Nigeria’s military said Saturday that it had killed 53 fighters from the Islamist Boko Haram group when it repelled an attack on a military base in the northeast Nigerian town of Damboa.
A statement from defense spokesman Major-General Chris Olukolade added that five soldiers and a senior military officer had also been killed in an exchange of fire Friday night. The military often reports high casualty figures for the rebels and relatively low ones on its own side. It is usually not possible to verify these reports independently.
Earlier, police said insurgents had attacked the Damboa base, in the northeasterly Borno state, with rocket-propelled grenades.

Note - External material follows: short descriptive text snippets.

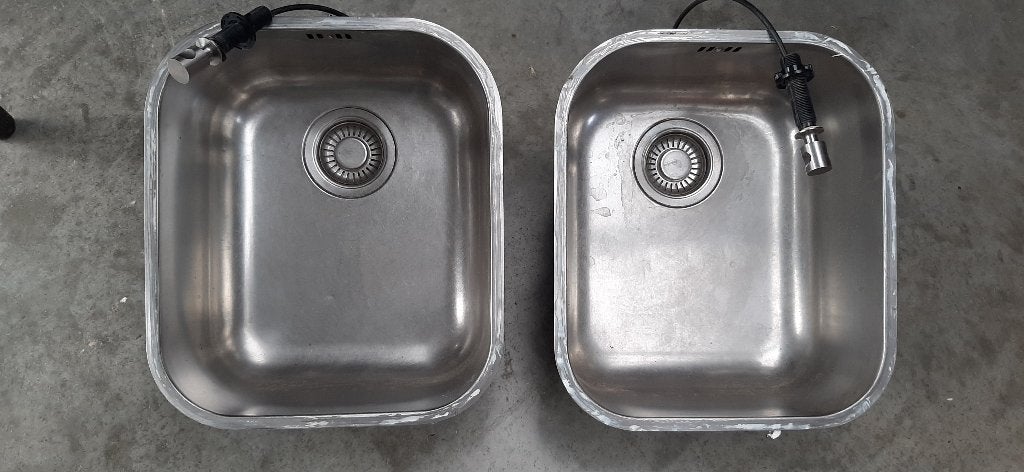 inox keukenspoelbakken, 2 stuks, Ophalen, Gebruikt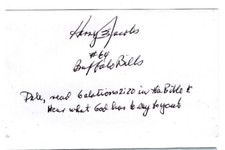 Harry Jacobs Signed Index Card / Autographed NFL Football Buffalo Bills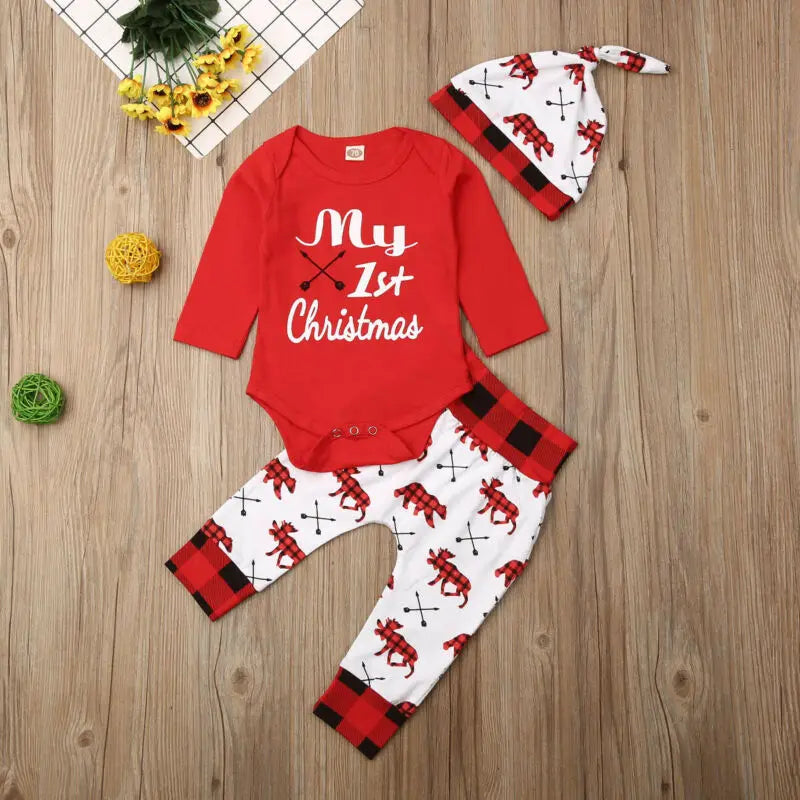 Lovely Baby Boy My First Christmas Letter Romper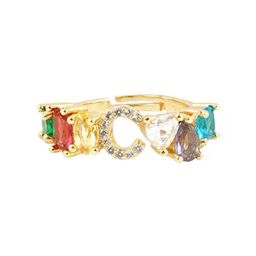 Joker & Witch Multi Lowe Colour Alphabet C Ring image 3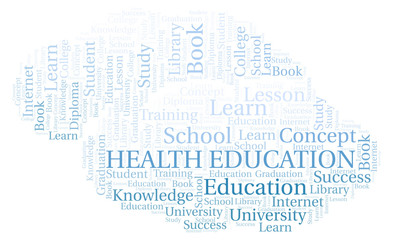 Fototapeta na wymiar Health Education word cloud.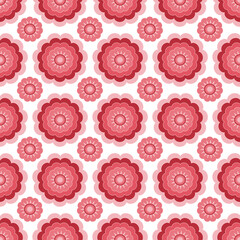 Floral seamless pattern with multi-layered flowers repeating evenly in a row, red tones, on a white background.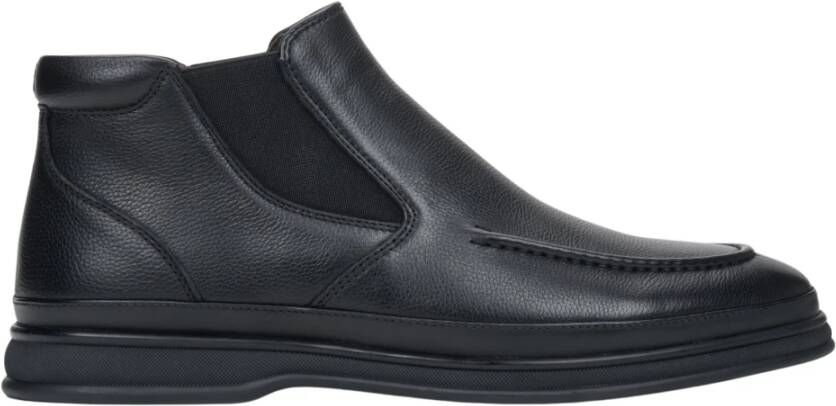 Estro Heren Zwarte Slip-On Chelsea Laarzen gemaakt van Echt Leer Black Heren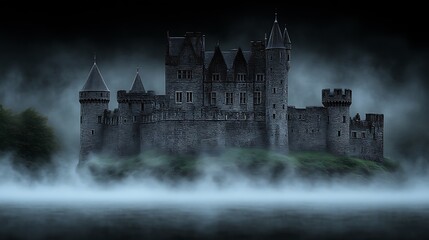 Mysterious castle shrouded in fog at night.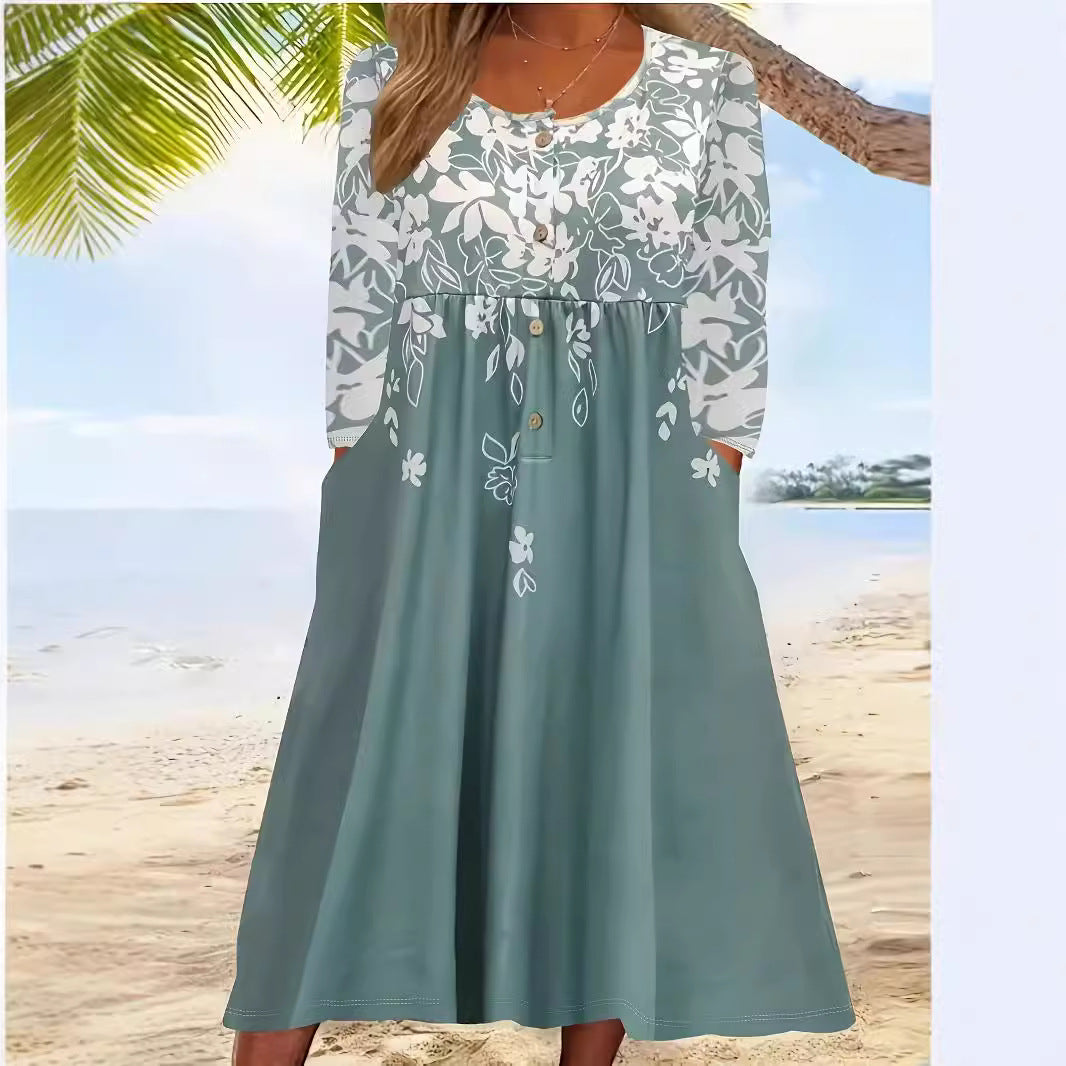 Damen Maxikleid mit floralem Design und eleganten Knopfdetails R&B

A security source said the raid was a revenge mission after dozens of Boko Haram militants were killed in an air and ground attack on two of their camps in the Yejiwa and Alagarno areas.
In a separate incident, also on Friday, a suicide bomber targeting worshippers at a mosque in the village of Konduga in northeast Nigeria killed five people and wounded dozens, a security source said Saturday, in an area where Islamist insurgents are mounting attacks almost daily.
The source, who declined to be named, said Muslims in the village were observing Friday prayers when the pickup truck approached.
A local vigilante group stopped the truck to inspect it and the bomber then detonated the bomb close to the mosque, he said. There was no immediate claim of responsibility, but Boko Haram was likely to be the prime suspect.